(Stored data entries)
+++

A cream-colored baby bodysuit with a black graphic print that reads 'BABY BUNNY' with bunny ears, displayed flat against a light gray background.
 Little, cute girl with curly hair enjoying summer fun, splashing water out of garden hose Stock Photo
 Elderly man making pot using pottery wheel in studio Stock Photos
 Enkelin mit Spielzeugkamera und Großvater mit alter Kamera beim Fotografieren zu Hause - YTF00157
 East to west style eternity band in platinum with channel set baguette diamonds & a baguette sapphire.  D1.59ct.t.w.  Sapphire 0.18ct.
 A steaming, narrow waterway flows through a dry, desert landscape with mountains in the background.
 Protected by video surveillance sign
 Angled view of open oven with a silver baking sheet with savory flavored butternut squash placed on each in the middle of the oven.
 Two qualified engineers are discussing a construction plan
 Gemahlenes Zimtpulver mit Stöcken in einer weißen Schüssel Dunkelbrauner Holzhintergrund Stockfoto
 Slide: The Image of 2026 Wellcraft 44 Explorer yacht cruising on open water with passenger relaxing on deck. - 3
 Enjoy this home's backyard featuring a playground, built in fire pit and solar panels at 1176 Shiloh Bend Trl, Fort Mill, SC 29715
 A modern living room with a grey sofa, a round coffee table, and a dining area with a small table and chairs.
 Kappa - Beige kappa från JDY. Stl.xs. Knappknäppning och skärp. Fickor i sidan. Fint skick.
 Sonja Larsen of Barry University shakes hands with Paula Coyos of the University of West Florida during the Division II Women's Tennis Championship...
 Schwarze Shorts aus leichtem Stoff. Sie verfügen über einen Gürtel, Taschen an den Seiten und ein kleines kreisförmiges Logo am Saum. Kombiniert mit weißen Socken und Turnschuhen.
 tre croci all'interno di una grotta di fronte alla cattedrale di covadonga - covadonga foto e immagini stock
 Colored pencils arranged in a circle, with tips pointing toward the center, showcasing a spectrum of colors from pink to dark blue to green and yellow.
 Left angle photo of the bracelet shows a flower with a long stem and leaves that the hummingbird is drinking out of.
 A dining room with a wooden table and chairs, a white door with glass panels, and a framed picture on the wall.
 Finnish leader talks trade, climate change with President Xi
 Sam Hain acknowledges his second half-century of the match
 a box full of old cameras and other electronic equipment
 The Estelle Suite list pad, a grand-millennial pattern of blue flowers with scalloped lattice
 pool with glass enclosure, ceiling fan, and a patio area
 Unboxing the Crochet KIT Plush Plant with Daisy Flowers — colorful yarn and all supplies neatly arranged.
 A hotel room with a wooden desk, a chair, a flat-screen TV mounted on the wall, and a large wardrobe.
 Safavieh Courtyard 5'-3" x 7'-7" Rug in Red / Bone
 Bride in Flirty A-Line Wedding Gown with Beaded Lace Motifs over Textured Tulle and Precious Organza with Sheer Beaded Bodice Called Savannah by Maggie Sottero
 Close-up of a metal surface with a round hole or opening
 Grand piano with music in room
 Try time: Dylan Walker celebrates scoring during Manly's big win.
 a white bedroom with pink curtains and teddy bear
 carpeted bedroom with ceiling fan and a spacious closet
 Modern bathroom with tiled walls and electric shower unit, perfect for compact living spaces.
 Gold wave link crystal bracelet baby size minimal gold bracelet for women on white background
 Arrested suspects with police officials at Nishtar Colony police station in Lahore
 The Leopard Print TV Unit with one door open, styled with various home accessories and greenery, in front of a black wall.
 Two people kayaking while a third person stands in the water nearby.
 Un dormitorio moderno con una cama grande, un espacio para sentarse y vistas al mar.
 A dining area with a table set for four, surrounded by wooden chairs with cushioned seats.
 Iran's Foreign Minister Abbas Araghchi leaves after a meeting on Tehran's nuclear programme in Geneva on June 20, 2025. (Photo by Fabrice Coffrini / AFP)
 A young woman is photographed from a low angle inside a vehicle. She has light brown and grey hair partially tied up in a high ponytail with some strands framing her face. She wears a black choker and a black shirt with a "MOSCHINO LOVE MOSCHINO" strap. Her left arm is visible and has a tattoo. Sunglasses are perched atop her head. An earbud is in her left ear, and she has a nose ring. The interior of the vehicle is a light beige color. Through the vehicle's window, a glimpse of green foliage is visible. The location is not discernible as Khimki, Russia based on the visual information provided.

+++

» ACTIVITY: Write down, word for word, the lines above from the one containing "tre croci all'interno" through the one containing "Finnish leader talks", both ends included.

» SOLUTION FOR THIS PROBLEM:
 tre croci all'interno di una grotta di fronte alla cattedrale di covadonga - covadonga foto e immagini stock
 Colored pencils arranged in a circle, with tips pointing toward the center, showcasing a spectrum of colors from pink to dark blue to green and yellow.
 Left angle photo of the bracelet shows a flower with a long stem and leaves that the hummingbird is drinking out of.
 A dining room with a wooden table and chairs, a white door with glass panels, and a framed picture on the wall.
 Finnish leader talks trade, climate change with President Xi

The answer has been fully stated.